During the build and through email discussions we've had with many of you, there were a number of other noteworthy ideas that didn't make it into this knife holder.  These included:

  1. Construct one out of glass, acrylic or Lexan (polycarbonate).  It might be cool to see the magnets!
  2. Many different methods of attaching the holder to the wall are possible, including magnets!
  3. Multiple rows of smaller magnets could be used, instead of one row of single magnets.
  4. While most of the kitchen knives we've encountered are ferromagnetic (attracted to magnets), there are some types of stainless steels that are not.  Check and be sure that a magnet will stick to your favorite knife.

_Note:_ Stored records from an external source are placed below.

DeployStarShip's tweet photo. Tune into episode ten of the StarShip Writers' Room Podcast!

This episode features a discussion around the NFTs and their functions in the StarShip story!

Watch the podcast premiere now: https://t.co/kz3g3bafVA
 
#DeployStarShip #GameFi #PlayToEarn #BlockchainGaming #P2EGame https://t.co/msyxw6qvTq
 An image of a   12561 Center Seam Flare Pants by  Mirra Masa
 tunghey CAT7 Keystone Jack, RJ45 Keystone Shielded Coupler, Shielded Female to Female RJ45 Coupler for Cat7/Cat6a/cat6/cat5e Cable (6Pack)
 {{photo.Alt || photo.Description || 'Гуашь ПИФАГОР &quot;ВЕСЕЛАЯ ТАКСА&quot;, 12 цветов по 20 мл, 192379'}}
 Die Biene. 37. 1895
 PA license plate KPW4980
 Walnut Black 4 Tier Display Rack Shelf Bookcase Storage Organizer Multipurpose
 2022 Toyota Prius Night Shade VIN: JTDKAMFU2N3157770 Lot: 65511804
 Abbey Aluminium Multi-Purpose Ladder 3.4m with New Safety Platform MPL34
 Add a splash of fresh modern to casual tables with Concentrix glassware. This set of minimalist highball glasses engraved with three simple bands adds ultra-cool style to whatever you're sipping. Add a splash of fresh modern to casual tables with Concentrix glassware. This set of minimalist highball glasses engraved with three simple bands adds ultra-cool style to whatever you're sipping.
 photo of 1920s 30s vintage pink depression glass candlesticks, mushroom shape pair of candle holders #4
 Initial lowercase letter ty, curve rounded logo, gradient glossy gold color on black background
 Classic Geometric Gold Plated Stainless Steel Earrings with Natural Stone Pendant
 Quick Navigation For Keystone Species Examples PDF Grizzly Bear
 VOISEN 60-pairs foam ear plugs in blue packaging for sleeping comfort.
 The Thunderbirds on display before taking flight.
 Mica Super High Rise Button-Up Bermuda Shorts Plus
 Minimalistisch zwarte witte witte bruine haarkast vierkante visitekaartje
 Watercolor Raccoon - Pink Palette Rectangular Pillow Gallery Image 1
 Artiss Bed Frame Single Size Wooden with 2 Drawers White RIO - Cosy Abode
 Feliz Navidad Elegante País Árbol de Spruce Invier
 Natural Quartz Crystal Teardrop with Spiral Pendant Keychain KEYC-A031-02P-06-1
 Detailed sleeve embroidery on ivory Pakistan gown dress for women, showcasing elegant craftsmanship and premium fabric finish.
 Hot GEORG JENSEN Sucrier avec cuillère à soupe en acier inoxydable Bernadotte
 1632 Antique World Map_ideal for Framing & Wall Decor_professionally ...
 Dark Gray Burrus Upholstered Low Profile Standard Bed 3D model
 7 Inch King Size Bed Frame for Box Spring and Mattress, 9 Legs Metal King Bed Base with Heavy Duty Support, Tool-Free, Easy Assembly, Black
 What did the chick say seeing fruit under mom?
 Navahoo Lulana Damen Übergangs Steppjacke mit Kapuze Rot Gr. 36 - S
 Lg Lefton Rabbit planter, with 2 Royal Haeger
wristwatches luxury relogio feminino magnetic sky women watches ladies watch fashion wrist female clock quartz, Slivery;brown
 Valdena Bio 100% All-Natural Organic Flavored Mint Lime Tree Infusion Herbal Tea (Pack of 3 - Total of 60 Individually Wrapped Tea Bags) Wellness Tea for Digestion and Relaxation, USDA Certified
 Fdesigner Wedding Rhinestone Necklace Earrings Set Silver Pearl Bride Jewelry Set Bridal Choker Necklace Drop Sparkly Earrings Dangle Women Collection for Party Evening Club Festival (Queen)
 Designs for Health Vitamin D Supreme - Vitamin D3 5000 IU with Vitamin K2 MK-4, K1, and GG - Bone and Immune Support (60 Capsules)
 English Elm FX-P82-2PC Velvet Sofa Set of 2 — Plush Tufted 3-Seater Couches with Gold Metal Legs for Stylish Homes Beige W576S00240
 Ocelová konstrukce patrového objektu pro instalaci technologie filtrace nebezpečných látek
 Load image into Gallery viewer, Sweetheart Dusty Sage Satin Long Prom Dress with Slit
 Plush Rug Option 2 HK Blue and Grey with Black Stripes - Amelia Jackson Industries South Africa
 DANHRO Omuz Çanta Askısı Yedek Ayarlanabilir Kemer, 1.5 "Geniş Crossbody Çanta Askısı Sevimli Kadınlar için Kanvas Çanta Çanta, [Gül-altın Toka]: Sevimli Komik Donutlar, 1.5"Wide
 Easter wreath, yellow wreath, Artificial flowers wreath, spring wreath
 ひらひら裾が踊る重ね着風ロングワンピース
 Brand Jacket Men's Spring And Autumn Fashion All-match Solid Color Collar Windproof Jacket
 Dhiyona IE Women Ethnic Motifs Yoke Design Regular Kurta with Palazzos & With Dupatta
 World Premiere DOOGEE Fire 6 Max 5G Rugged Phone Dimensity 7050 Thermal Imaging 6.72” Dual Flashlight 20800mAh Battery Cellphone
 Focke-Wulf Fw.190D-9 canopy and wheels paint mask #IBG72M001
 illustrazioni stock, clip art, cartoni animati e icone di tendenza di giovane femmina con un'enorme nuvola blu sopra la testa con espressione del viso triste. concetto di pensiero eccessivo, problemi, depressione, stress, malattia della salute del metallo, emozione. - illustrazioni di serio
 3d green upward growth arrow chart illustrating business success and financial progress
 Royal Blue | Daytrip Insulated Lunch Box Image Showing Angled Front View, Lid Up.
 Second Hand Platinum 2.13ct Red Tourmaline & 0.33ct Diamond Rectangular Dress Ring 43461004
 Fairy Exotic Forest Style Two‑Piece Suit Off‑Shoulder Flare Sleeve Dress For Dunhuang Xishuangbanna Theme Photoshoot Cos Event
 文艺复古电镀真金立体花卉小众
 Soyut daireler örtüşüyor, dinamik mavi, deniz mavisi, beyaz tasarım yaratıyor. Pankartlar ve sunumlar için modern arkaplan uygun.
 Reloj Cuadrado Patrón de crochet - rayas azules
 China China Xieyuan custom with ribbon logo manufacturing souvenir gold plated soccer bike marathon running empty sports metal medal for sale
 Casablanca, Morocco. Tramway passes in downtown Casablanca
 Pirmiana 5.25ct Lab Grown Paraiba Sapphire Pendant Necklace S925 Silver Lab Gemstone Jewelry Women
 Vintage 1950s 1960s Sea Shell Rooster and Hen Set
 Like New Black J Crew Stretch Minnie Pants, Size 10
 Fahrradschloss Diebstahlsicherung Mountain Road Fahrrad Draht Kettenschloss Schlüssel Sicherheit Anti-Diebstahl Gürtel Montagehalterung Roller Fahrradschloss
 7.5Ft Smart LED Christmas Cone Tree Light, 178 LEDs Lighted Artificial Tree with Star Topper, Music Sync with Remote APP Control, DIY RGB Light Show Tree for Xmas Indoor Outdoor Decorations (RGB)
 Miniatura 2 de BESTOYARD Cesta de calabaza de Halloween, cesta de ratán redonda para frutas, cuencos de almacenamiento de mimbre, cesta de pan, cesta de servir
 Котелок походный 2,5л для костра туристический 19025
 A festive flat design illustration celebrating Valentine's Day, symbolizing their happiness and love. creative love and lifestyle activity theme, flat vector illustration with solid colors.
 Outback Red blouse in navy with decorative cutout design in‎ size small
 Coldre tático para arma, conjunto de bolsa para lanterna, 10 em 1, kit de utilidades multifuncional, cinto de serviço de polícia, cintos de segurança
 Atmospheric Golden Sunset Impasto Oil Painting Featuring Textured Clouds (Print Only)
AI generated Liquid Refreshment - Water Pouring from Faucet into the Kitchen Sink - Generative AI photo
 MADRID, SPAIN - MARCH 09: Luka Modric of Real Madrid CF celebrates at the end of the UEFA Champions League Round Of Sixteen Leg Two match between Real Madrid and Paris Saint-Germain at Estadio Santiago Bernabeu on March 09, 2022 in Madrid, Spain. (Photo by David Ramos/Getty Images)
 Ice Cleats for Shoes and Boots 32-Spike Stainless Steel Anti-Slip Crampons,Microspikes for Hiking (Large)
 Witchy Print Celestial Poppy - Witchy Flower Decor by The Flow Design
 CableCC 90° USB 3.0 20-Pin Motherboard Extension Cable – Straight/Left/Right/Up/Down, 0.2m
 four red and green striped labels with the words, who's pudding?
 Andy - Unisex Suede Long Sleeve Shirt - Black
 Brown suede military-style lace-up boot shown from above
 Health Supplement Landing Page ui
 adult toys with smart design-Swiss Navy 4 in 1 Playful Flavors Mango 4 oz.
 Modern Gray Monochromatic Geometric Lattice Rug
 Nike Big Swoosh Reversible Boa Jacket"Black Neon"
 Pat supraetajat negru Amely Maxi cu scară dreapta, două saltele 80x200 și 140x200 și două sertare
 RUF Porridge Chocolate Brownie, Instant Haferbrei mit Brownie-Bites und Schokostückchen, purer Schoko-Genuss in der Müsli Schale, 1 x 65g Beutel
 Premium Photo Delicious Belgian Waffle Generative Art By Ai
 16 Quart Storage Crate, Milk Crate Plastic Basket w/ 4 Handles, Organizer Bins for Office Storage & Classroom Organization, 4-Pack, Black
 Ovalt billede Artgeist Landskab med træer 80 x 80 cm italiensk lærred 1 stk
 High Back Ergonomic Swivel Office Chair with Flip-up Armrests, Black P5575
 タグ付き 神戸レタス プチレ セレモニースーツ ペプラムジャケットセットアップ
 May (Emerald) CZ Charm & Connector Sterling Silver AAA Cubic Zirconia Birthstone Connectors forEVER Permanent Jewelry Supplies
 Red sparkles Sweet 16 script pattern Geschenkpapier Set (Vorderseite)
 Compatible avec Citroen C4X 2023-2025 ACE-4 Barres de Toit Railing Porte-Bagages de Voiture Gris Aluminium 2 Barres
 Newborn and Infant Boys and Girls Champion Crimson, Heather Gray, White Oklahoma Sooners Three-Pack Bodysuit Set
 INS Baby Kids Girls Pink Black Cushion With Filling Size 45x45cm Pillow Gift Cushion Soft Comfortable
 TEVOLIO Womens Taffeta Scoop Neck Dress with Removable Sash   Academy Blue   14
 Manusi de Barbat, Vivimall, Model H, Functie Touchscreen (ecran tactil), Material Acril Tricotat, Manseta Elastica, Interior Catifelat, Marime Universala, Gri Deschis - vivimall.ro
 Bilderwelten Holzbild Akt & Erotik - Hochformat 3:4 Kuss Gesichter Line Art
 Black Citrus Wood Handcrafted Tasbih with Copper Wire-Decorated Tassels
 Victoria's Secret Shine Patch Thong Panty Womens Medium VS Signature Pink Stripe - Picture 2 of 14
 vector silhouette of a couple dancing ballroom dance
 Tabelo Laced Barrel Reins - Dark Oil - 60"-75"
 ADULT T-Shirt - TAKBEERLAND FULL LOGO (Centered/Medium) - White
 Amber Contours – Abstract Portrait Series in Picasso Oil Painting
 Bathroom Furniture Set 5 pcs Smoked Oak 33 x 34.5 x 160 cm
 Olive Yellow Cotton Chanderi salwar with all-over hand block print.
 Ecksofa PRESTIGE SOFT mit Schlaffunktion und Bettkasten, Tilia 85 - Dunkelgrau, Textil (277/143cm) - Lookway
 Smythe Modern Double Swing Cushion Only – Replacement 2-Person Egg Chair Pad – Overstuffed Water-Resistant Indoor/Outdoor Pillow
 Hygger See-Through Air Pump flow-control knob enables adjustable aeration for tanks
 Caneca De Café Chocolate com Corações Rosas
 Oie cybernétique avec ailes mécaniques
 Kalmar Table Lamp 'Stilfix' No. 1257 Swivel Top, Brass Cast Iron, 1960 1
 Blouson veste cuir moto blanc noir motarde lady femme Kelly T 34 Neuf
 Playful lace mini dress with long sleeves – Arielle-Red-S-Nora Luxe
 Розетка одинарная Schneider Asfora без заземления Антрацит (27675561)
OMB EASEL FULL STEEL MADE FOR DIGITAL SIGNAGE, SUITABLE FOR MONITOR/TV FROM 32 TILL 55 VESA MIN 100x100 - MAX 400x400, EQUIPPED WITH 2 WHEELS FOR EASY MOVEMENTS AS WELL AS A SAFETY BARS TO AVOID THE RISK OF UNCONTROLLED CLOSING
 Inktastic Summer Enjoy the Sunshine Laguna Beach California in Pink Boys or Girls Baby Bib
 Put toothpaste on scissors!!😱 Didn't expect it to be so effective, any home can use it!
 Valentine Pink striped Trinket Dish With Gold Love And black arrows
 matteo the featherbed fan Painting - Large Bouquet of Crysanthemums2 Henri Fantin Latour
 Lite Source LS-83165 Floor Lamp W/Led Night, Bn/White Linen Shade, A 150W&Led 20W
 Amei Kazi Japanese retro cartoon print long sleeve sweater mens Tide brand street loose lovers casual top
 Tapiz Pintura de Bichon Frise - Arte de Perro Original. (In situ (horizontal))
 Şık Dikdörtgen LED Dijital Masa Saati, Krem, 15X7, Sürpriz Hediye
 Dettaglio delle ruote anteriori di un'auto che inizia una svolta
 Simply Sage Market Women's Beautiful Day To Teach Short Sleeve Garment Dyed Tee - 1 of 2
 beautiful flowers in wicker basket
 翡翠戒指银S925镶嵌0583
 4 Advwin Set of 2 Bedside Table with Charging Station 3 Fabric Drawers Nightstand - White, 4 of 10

  5. Without the tools to cut a groove to a specific depth, a block could be constructed out of wood veneer.  Use a thin piece of wood for the front surface, and glue the structure behind it.
  6. Some folks aren't interested in building a wood block, but still want to use neodymium magnets to hold their knives safe and clean.  A simple, plastic-coated disc magnet like our  RX034DCSPC-BLK can make for a great, one-knife solution.